Irkçıları yoksullar mı seçiyor?

Irkçıları yoksullar mı seçiyor?

Bu köşe yazısı 30 Eylül 2017 tarihli Yeni Özgür Politika ve Özgürlükçü Demokrasi gazetelerinde yayımlanmıştır.

Çarşamba günü yayımlanan seçim analizimize bazı itirazlar geldi. Kimi istatistiki verileri temel alan itirazlarda, »AfD’ye yoksulların oturduğu mahallelerde en fazla oy çıktığına« dikkat çekiliyor. Burjuva medyasının yorumlarına ve istatistiklerine şüphe ile yaklaşmak gereğini unutmadan, yoksul ve işsizlerden de AfD’ye oy verildiğini elbette söyleyebiliriz. Ama, »AfD’yi çoğunlukla yoksullar seçti« iddiası doğru mu?
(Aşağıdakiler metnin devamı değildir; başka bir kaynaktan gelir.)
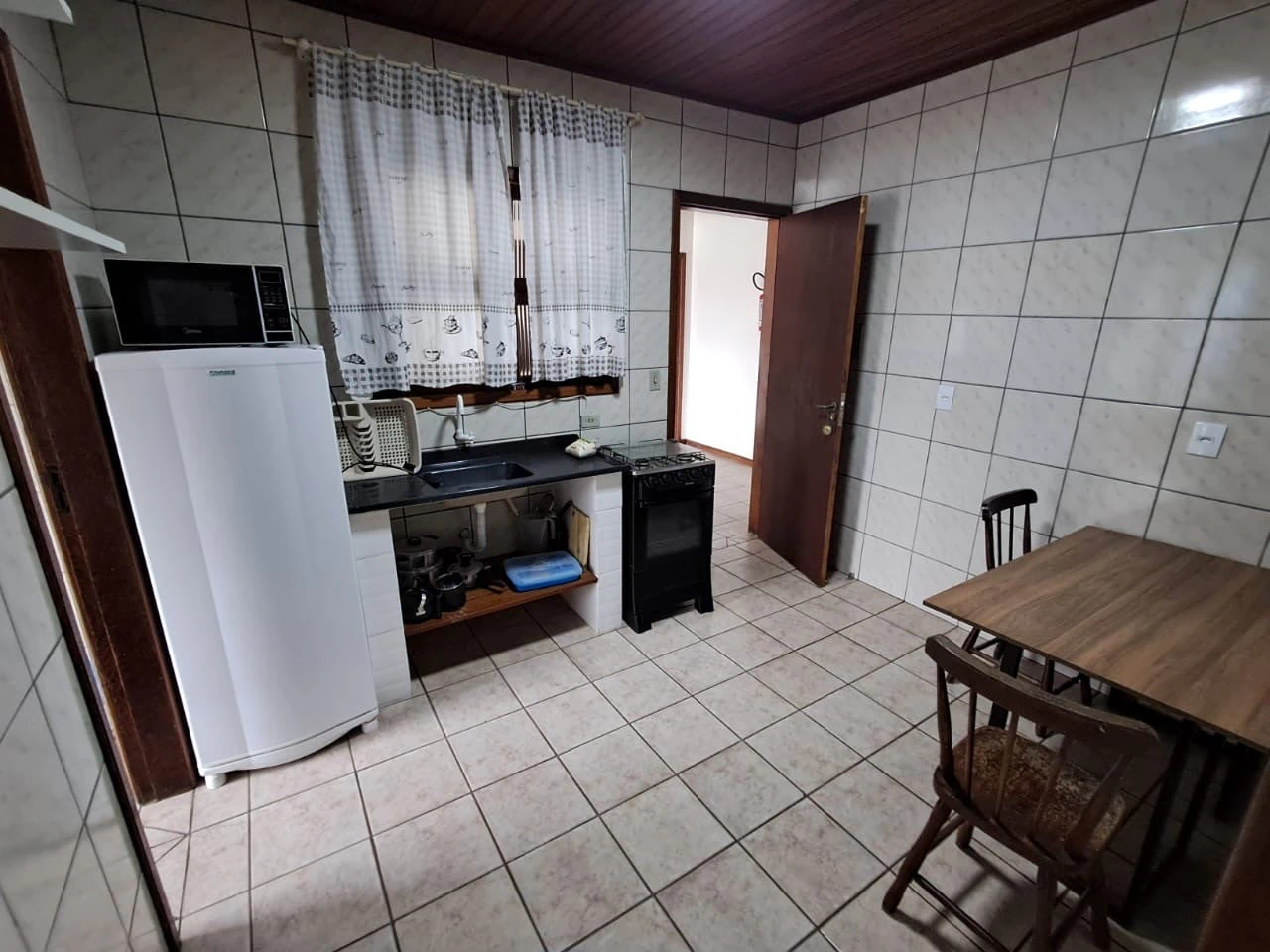 Furnished one-bedroom, 26 m² apartment in Florianópolis — photo 2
Bu iddiayı bir irdeleyelim.

Arka plana bakmadan önce araştırma enstitülerinin sayılarına bakalım: »Forschungsgruppe Wahlen« verilerine göre işçilerin yüzde 19’u, hizmetlilerin yüzde 11’i, çalışanların yüzde 5’i, işsizlerin yüzde 7’si ve emeklilerin yüzde 4’ü AfD’yi seçmiş. Örneğin Die Linke işsizlerin yüzde 21’inden oy almış. Öğrenim durumuna baktığımızda düşük eğitimlilerin yüzde 17’si ve yüksek öğrenimlilerin yüzde 9’u AfD’ye oy vermiş. AfD seçmenlerinin ezici çoğunluğu erkek ve 30-65 yaş grubundan.
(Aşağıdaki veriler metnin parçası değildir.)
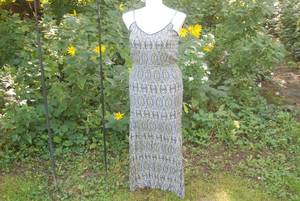 lot 29 image: 1 size Large...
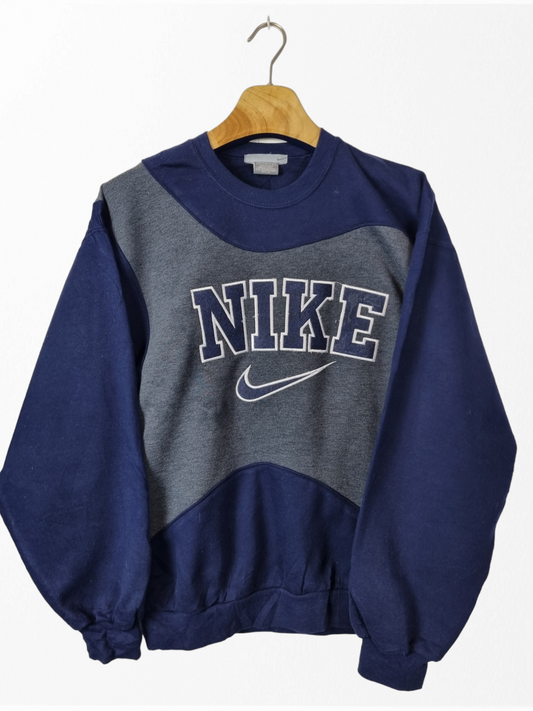 Nike spell out sweater maat M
Sadece bu sayılar yoksulların çoğunlukla AfD’yi seçtiği iddiasını çürütüyor. Yoksul ve işsizlerin yoğun olduğu seçim bölgelerindeki düşük katılım oranlarını dikkate almazsanız, bu iddiaya inanabilirsiniz. Aslında bu iddia, ırkçılığın, milliyetçiliğin ve Hitler faşizmine özenen muhafazakârlığın F. Alman toplumun tam ortasında yerleşik ve ırkçılığı körükleyen asıl nedenin neoliberal uygulamalar ile ırkçı ve ayırımcı göçmen politikaları olduğu gerçeğinin üstünü örtmeye yarayan bir burjuva demagojisidir.

Burjuva medyası ve partileri onlarca yıldır, »Weimar Cumhuriyeti deneyimleri, ekonomik krizlerin ve yüksek işsizliğin demokrasiyi tehdit eden partileri teşvik ettiğini kanıtladı« biçiminde özetlenebilecek bir görüşü yaygınlaştırmaya çalıştılar. Arkasında yatan temel neden ise, faşizmin »demokrasinin işleyişinde bir aksaklık« değil, kapitalizmin bir sonucu olduğu gerçeğini gizlemekti. Nitekim bugün bu iddia da çürümüştür, çünkü ekonomik büyümenin rekor kırdığı, resmî işsizlik oranlarının düştüğü ve insanların kişisel ve ekonomik durumlarından hayli memnun oldukları bir dönemde AfD gibi ırkçı ve faşist bir parti böylesine oy oranlarına kavuşabilmiştir.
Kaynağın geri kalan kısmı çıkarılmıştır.